* [GIVEN DATA]:

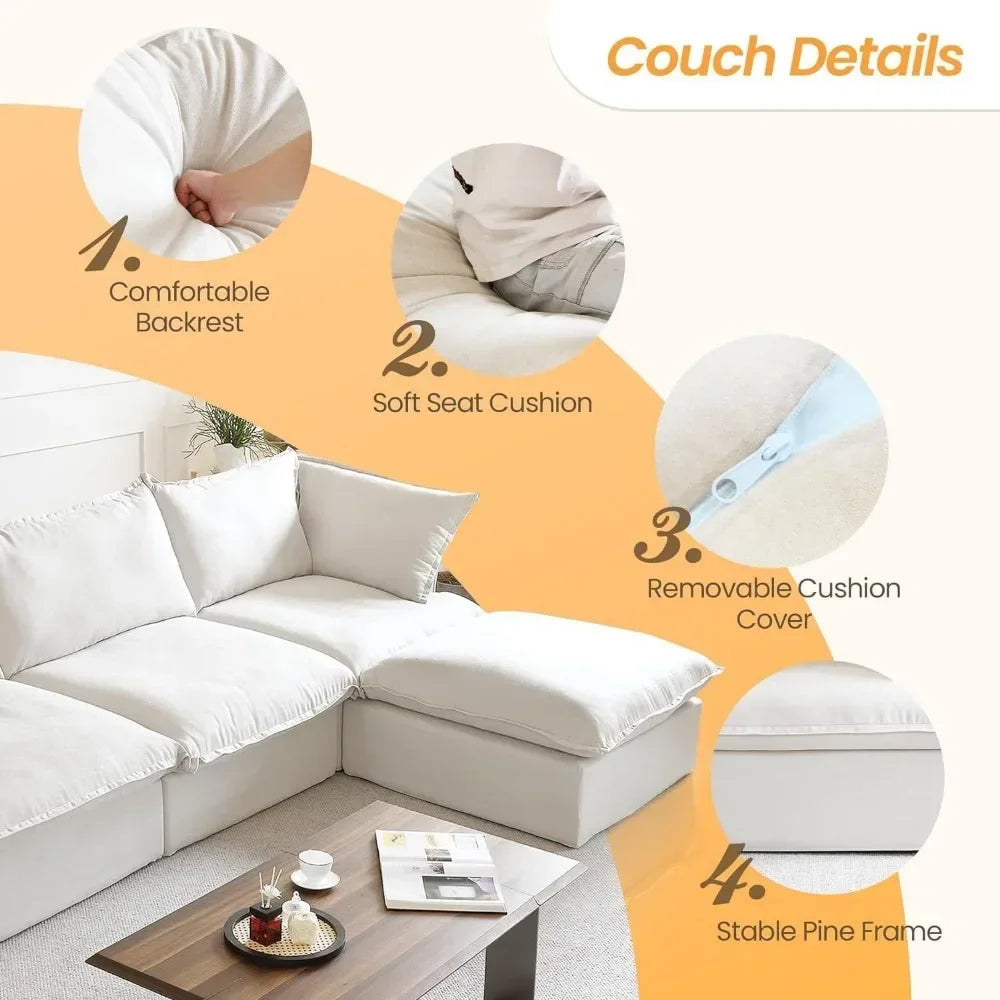 Deep 6-Seats Modular Convertible Couch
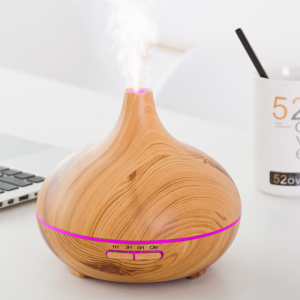 550ML Wood Grain Air Humidifier 7 Color LED Night Light Ultrasonic Aromatherapy Diffuser with Essential Oil Air Purifier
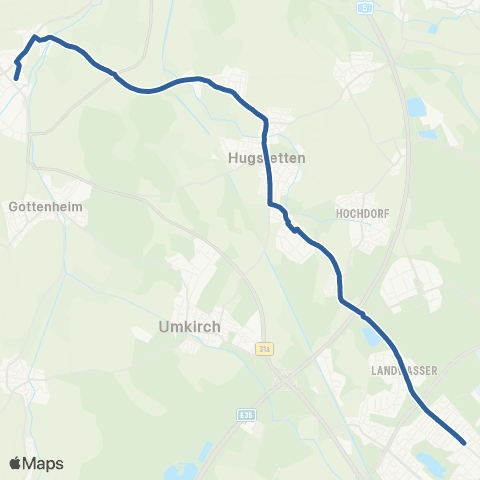 RVF Bötzingen Bf ↔︎ Moosweiher (Freiburg) map
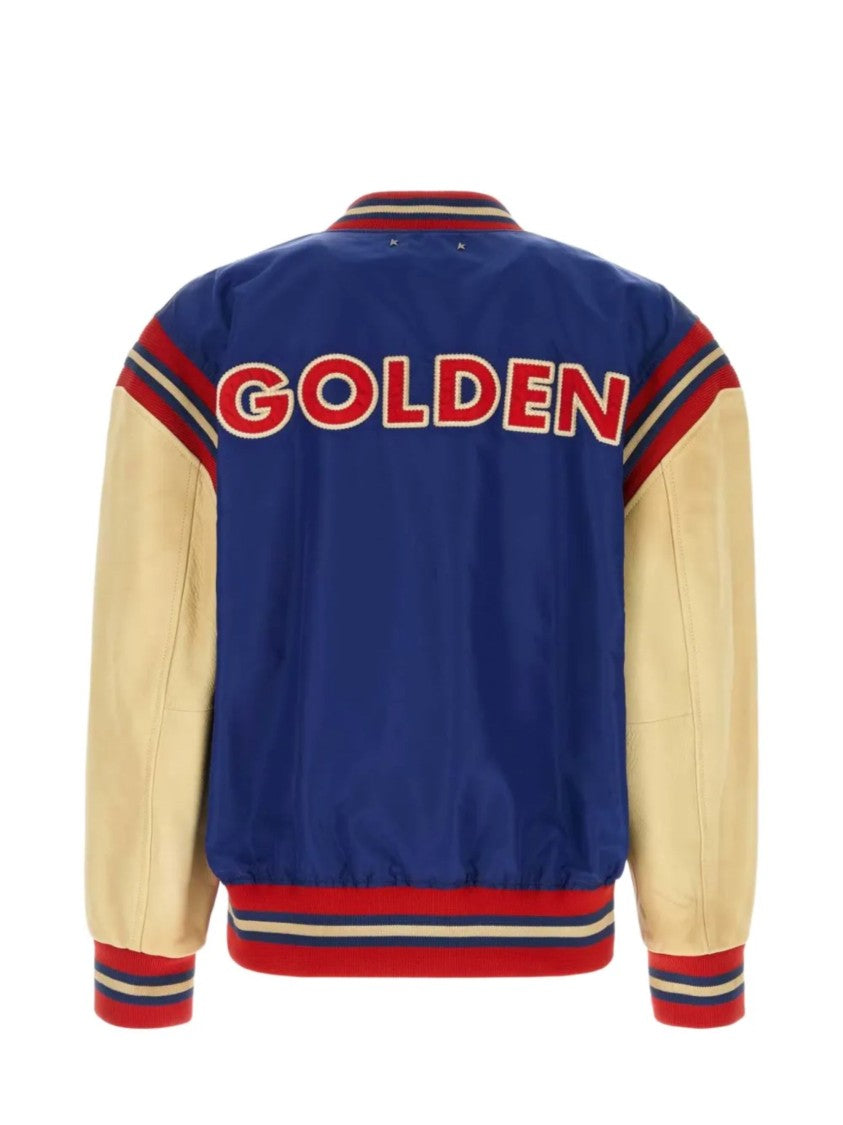 Golden Goose Blue Nylon Varsity Bomber Jacket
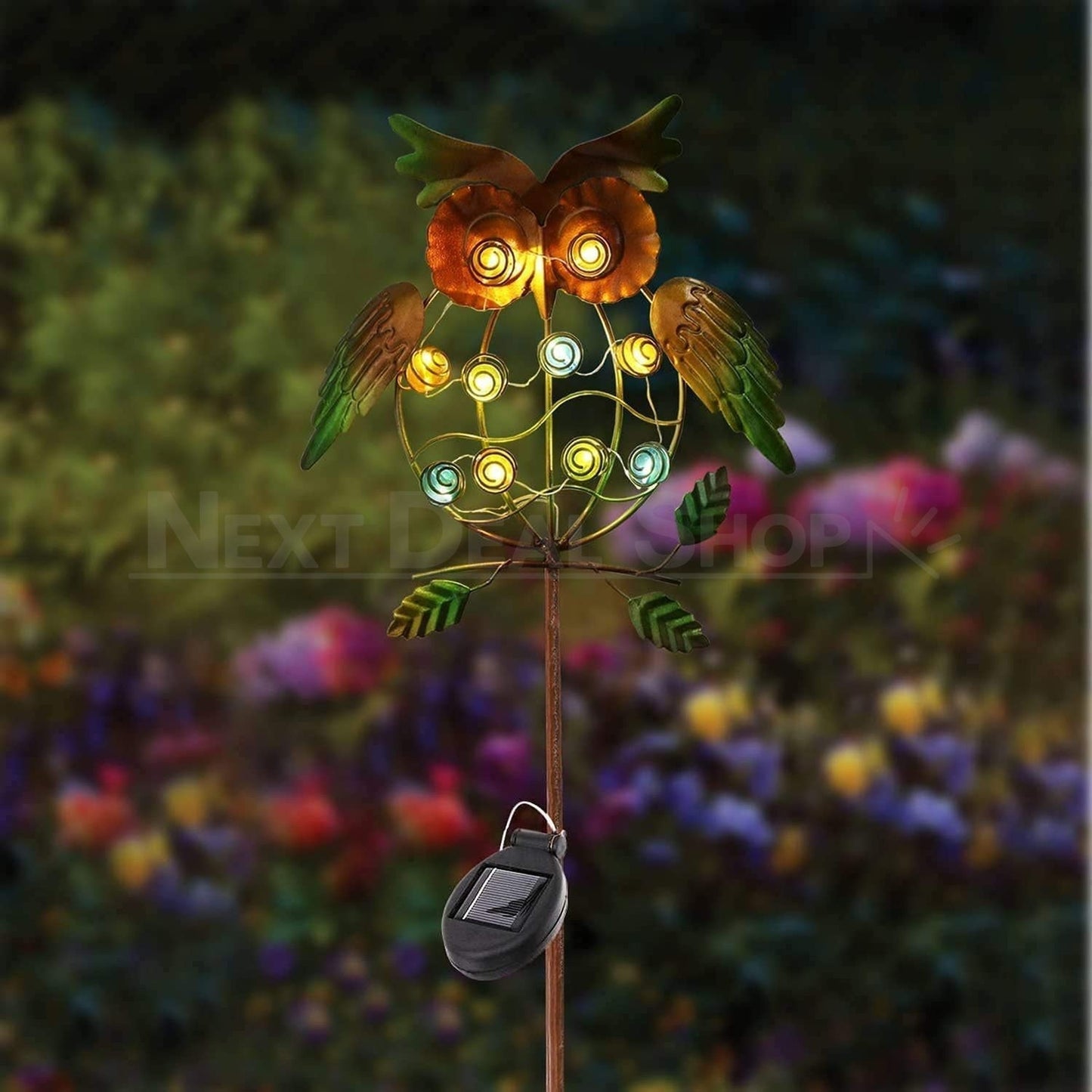 Skorter | Solar-Powered Iron Owl Garden Light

* [PROBLEM TO SOLVE]:
Copy the material above word for word, images excluded.

* [RESULT]:
 Deep 6-Seats Modular Convertible Couch
 550ML Wood Grain Air Humidifier 7 Color LED Night Light Ultrasonic Aromatherapy Diffuser with Essential Oil Air Purifier
 RVF Bötzingen Bf ↔︎ Moosweiher (Freiburg) map
 Golden Goose Blue Nylon Varsity Bomber Jacket
 Skorter | Solar-Powered Iron Owl Garden Light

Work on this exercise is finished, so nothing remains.